What is the difference (if any) between geom_bar and geom_histogram in ggplot? They seem to produce the same plot and take the same parameters.

3
If you look on ?geom_histogram you will find that "geom_histogram is an alias for geom_bar plus stat_bin "Didzis Elferts
Speaking as a mathematician :-), a histogram is different from a bar chart, even though the names tend to get intermingled. Quoting from Wikipedia, "A histogram consists of tabular frequencies, shown as adjacent rectangles, erected over discrete intervals (bins), with an area equal to the frequency of the observations in the interval. The height of a rectangle is also equal to the frequency density of the interval, i.e., the frequency divided by the width of the interval. The total area of the histogram is equal to the number of data." A bar plot has no such area restrictionsCarl Witthoft
thanks. although it seems that geom_bar() also have a stat_bin() applied to it, as you can get access to the stat_bin variables like ..count.. and ..density..jamborta

3 Answers

16
votes
  • Bar charts provide a visual presentation of categorical data. Examples:
    • The number of people with red, black and brown hair
    • Look at the geom_bar help file. The examples are all counts.
    • Wikipedia page
  • Histograms are used to plot density of interval (usually numeric) data. Examples,
    • Distributions of age and height
    • geom_hist help file. The examples are distribution of movie ratings.

ggplot2

After a bit more investigating, I think in ggplot2 there is no difference between geom_bar and geom_histogram. From the docs:

 geom_histogram(mapping = NULL, data = NULL, stat = "bin",
    position = "stack", ...)
 geom_bar(mapping = NULL, data = NULL, stat = "bin",
    position = "stack", ...)

I realise that in the geom_histogram docs it states:

geom_histogram is an alias for geom_bar plus stat_bin

but to be honest, I'm not really sure what this means, since my understanding of ggplot2 is that both stat_bin and geom_bar are layers (with a slightly different emphasis).

3
votes

The default behavior is the same from both geom_bar and geom_histogram. This is because (and as @csgillespie mentioned), there is an implied stat_bin when you call geom_histogarm (understandable), and it is also the default statistics transformation applied to geom_bar (arguable behavior IMO). That's why you need to specify stat='identity' when you want the to plot the data as is.
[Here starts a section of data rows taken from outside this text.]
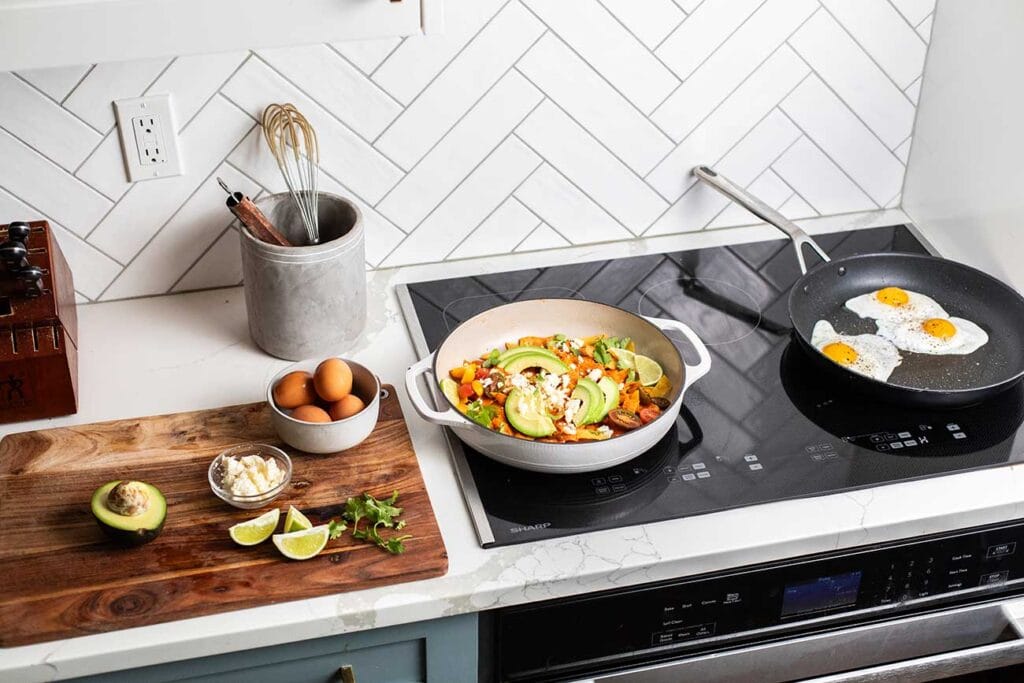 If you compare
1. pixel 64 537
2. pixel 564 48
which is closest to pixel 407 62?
pixel 564 48

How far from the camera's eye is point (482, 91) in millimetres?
1841

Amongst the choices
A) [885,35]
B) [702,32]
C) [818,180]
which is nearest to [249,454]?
[702,32]

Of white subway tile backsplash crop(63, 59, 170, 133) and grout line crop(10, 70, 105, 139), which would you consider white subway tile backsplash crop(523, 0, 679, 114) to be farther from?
grout line crop(10, 70, 105, 139)

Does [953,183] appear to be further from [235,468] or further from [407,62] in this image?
[235,468]

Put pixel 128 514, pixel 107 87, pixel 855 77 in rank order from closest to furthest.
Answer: pixel 128 514, pixel 107 87, pixel 855 77

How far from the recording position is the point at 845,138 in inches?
81.3

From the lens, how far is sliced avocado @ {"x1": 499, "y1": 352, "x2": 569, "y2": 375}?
164cm

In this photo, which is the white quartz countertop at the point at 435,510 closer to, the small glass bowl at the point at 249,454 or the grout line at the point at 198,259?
the grout line at the point at 198,259

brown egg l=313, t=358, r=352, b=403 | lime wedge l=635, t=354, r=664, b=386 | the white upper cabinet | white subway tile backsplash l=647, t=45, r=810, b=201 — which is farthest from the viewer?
white subway tile backsplash l=647, t=45, r=810, b=201

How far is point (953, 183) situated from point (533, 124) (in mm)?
755

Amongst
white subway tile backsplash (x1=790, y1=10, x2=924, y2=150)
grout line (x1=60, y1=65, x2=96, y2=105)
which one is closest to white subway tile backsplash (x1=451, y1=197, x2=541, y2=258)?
white subway tile backsplash (x1=790, y1=10, x2=924, y2=150)

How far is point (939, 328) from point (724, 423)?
1.36ft

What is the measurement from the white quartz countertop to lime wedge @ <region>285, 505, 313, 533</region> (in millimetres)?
101

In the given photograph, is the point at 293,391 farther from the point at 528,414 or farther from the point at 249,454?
the point at 528,414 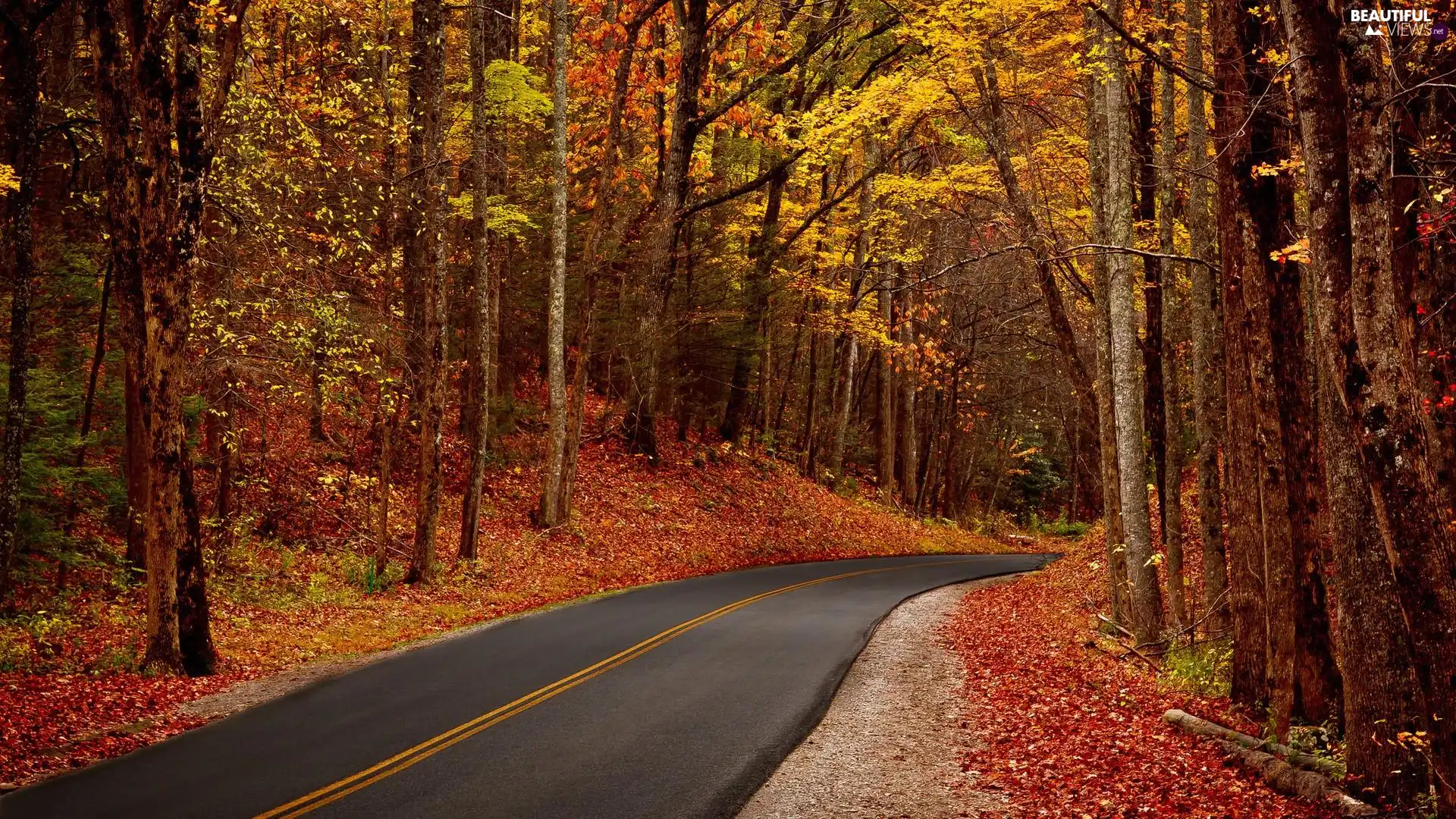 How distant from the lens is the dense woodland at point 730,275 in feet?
24.1

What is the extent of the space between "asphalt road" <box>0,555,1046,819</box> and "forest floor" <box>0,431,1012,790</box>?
3.30 feet

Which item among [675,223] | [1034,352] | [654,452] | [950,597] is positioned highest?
[675,223]

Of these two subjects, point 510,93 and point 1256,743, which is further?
point 510,93

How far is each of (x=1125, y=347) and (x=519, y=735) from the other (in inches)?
399

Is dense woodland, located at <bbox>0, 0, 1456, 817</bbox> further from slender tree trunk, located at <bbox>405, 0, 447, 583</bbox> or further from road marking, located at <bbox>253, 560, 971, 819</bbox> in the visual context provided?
road marking, located at <bbox>253, 560, 971, 819</bbox>

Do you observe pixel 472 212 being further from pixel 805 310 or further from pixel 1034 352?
pixel 1034 352

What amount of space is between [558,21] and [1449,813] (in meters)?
21.1

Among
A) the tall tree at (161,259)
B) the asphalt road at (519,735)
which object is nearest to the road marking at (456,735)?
the asphalt road at (519,735)

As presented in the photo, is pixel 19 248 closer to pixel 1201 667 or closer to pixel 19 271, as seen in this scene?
pixel 19 271

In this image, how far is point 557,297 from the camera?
72.8 feet

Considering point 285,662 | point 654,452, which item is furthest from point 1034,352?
point 285,662

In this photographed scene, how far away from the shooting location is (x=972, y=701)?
12.2m

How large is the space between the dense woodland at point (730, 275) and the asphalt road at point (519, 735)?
340 cm

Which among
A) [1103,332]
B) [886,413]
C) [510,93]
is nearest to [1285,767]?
[1103,332] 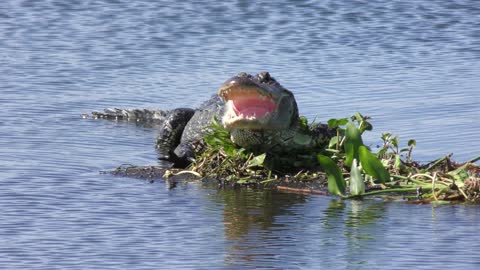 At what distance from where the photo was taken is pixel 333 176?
765 centimetres

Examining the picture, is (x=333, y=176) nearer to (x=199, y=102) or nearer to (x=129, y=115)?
(x=129, y=115)

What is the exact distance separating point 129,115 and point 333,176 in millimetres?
3766

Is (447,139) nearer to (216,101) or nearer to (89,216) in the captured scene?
(216,101)

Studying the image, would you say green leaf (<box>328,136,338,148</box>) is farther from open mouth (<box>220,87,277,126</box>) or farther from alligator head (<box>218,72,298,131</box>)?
open mouth (<box>220,87,277,126</box>)

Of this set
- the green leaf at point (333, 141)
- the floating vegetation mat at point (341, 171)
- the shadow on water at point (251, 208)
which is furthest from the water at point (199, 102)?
the green leaf at point (333, 141)

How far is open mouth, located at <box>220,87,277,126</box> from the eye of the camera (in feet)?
26.6

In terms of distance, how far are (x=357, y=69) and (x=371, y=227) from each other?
6.63 m

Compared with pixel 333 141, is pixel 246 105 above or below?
above

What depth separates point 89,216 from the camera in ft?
23.9

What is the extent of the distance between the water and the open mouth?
48 centimetres

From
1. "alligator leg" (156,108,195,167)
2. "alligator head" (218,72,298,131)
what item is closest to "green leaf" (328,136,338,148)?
"alligator head" (218,72,298,131)

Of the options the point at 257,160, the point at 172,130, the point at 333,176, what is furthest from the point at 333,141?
the point at 172,130

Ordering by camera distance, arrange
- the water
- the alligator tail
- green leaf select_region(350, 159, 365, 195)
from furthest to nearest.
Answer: the alligator tail
green leaf select_region(350, 159, 365, 195)
the water

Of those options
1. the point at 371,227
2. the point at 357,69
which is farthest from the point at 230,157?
the point at 357,69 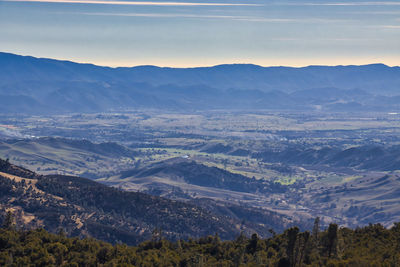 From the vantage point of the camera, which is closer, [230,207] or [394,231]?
[394,231]

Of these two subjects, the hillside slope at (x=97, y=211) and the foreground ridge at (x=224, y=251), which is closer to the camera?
the foreground ridge at (x=224, y=251)

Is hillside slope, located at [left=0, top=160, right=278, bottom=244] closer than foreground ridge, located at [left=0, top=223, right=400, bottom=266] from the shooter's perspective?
No

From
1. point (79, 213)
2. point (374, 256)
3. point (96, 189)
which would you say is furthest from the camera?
point (96, 189)

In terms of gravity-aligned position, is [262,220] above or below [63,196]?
below

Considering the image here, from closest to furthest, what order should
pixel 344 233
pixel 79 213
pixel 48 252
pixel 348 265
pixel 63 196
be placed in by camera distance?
pixel 348 265 < pixel 48 252 < pixel 344 233 < pixel 79 213 < pixel 63 196

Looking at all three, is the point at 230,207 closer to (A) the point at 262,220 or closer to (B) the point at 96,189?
(A) the point at 262,220

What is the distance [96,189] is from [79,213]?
2579 cm

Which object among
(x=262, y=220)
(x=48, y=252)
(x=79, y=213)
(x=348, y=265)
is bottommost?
(x=262, y=220)

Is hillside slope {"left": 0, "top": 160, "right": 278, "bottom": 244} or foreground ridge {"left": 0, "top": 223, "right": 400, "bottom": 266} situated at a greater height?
foreground ridge {"left": 0, "top": 223, "right": 400, "bottom": 266}

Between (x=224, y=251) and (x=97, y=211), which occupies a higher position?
(x=224, y=251)

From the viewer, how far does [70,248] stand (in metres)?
74.7

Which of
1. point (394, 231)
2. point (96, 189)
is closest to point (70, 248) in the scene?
point (394, 231)

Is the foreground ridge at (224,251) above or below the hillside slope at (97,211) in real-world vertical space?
above

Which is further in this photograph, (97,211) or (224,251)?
(97,211) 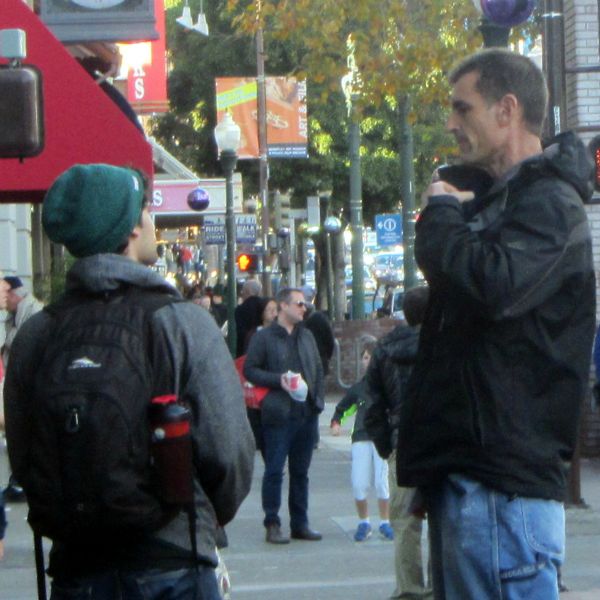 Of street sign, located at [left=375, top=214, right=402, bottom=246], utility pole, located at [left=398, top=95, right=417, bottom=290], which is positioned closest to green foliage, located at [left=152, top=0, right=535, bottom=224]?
street sign, located at [left=375, top=214, right=402, bottom=246]

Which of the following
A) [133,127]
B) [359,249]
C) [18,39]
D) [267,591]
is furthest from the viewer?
[359,249]

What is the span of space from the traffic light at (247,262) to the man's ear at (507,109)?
24224 millimetres

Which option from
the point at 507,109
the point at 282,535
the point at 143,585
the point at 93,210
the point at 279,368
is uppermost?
the point at 507,109

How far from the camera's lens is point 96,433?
337 cm

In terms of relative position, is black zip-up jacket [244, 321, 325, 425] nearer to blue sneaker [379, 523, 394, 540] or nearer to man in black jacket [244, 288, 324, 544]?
man in black jacket [244, 288, 324, 544]

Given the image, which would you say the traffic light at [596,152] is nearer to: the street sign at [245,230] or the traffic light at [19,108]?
the traffic light at [19,108]

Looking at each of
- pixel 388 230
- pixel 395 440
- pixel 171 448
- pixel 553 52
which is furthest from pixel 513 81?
pixel 388 230

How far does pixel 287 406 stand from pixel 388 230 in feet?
68.5

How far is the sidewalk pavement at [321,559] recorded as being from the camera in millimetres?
9328

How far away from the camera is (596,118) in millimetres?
15508

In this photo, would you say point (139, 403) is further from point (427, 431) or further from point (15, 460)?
point (427, 431)

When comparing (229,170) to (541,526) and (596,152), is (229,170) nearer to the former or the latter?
(596,152)

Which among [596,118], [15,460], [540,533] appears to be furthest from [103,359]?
[596,118]

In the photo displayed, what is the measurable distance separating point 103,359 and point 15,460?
1.22 ft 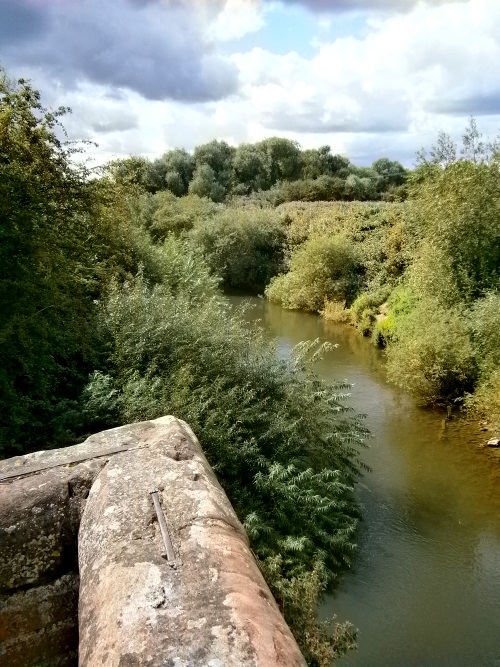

The stat='bin' or stat_bin() is a statistical transformation that ggplot does for you. It provides you as output the variables surrounded with two dots (the ..count.. and ..density... If you don't specify stat='bin' you won't get those variables.

0
votes

geom_bar() is for both x and y-values are categorical data -- so there are spaces between two bars as x-values are factor with distinct levels.

geom_histogram() is for one continuous data and one categorical data. Usually we put the continuous data to the x-axis (so the bars are touching each other as they are continuous) and categorical data to the y-axis.

There is another plot we can use to show the above situation (1 categorical 1 continuous) -- geom_boxplot(). Usually we use y-axis to represent the continuous data as it's going to be a vertical box-and-whisker.